As to income credits, etc. The forms to claim this require that you disclose VA payments and other nontaxable income. I'm against this in principal, and every time I bothered to fill out/use the forms, The result was that I could not claim the credit.

As to IRS rules

http://www.irs.gov/i...=168606,00.html

(Page leading to info, etc. for disabled taxpayers)

In any event, a doctors statement that you are disabled, and so forth, is covered in IRS publications and instructions.

(It would seem that you have several options to show the IRS that you are "P&T")

I don't know anything about your VA disability rating. SSA uses different rules than the VA. As a result, it's possible to be disabled by the VA and not disabled by SSA.

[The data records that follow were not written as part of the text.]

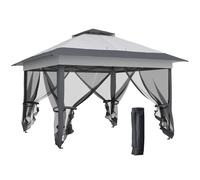 Outsunny Cenador carpa de jardín pop-up plegable acero poliéster mosquiteros + bolsa de transporte con ruedas Gris Aosom España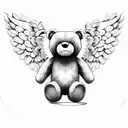 teddy bear with angel wings  tattoo design idea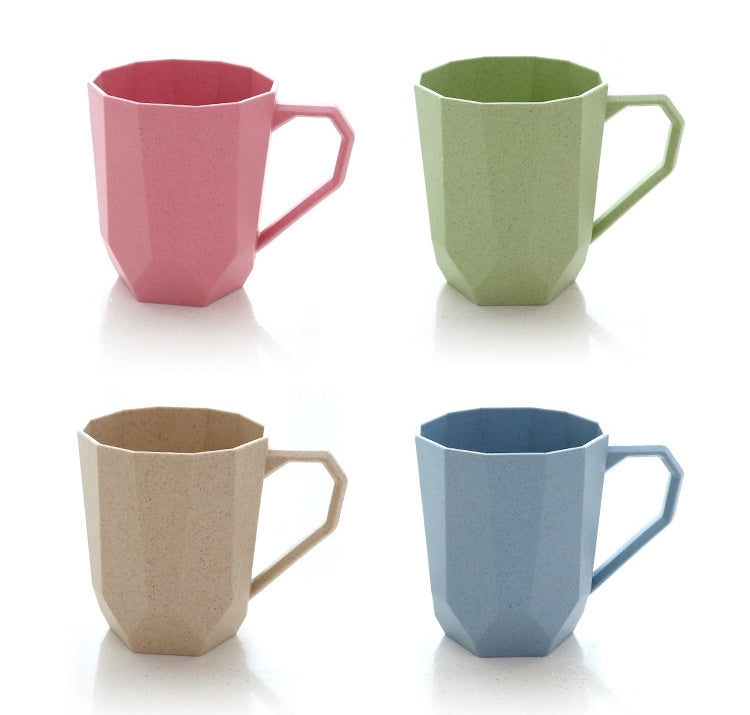 Creative Wheat Straw Fiber Diamond Shaped Washing Gargle Mug Water Mug with Handgrip Eco-friendly Tea Cup Milk Mugs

Or, SSA considers you to be totally disabled by the same conditions that the VA rates at lower percentages. This is where VA "TDIU" can come into play.

SSA can lump together conditions that the VA rates as unrelated co-existing conditions.

Hi, not sure what section to post these two questions so here goes:

1) Anyone know if being rated by the VA as 100% schedular or TDIU satisfies the IRS requirement as being totally disabled in order to be able to make IRA withdrawals penalty free before age 59 1/2? Or would I have to be approved for SSDI as well?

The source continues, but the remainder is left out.